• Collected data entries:
* * * * * * *

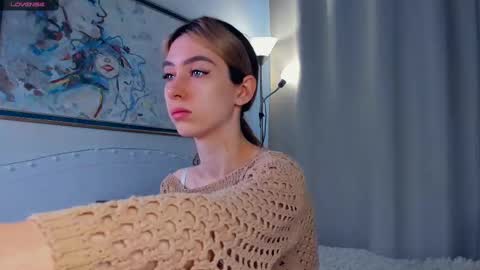 Hanna online show from March 2025 07:15:01 AM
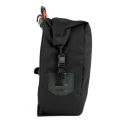 RESTRAP "Pannier" Gepäckträgertasche 22L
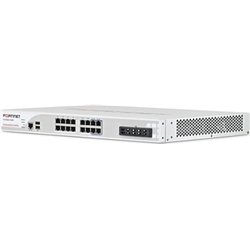 その他 Fortigate200B Fortinet FG-200B Fortigate 200B Firewall Network Appliance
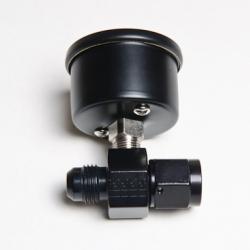 Radium Engineering 20-0152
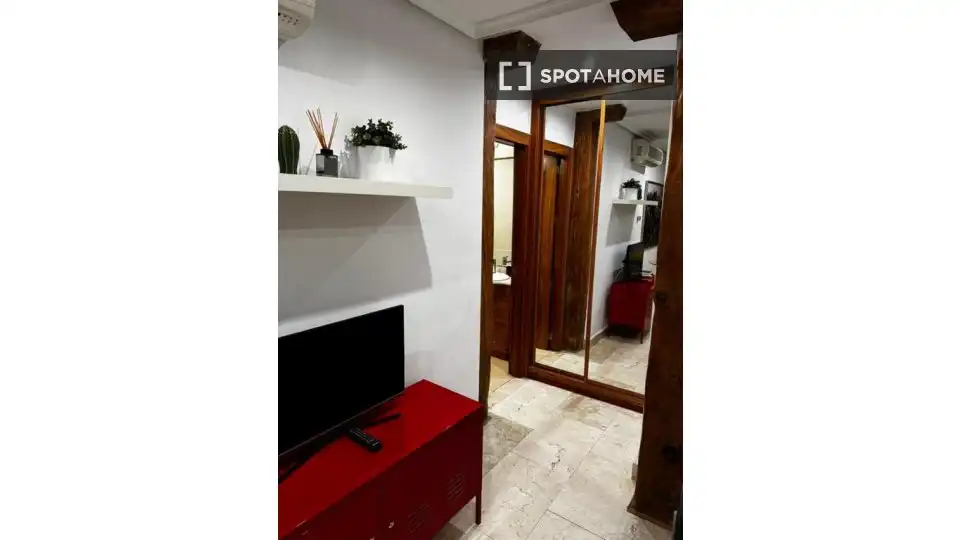 Wohnung zur Miete in Centro, imagen 8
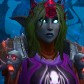 Cerg avatar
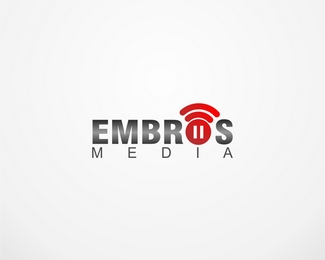 Embros Media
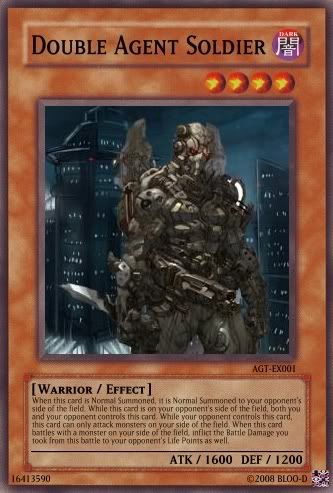 DoubleAgentSoldier.jpg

* * * * * * *

• Exercise details: The expected output is the exact run of lines from the one containing "Wohnung zur Miete in Centro, imagen 8" through the final line of the data above, both ends included, with no pictures.

• Reply to the task:
 Wohnung zur Miete in Centro, imagen 8
 Cerg avatar
 Embros Media
 DoubleAgentSoldier.jpg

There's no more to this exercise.